RECORDS FOR THIS TASK:
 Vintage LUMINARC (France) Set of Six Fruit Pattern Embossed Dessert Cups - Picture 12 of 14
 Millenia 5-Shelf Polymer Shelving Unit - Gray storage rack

* * *

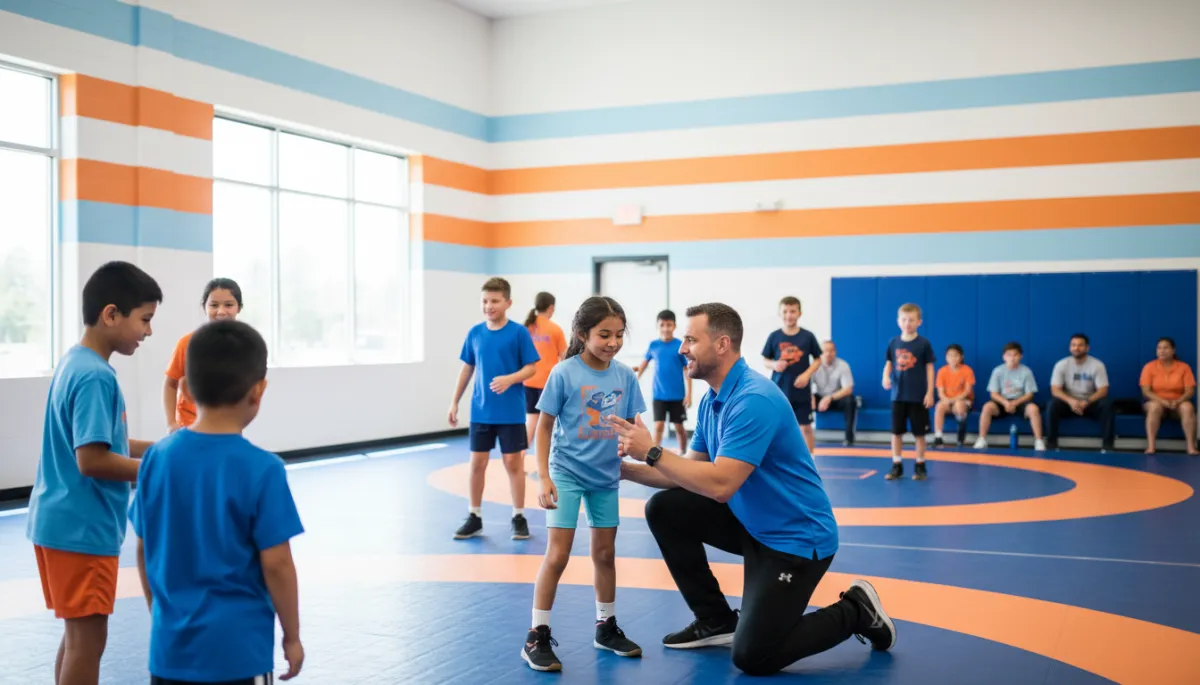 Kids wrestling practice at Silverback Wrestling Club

EXERCISE: Starting at the line above that holds "Vintage LUMINARC (France)" and ending at the line that holds "Millenia 5-Shelf Polymer", transcribe each line exactly and include no other lines.

YOUR SOLUTION:
 Vintage LUMINARC (France) Set of Six Fruit Pattern Embossed Dessert Cups - Picture 12 of 14
 Millenia 5-Shelf Polymer Shelving Unit - Gray storage rack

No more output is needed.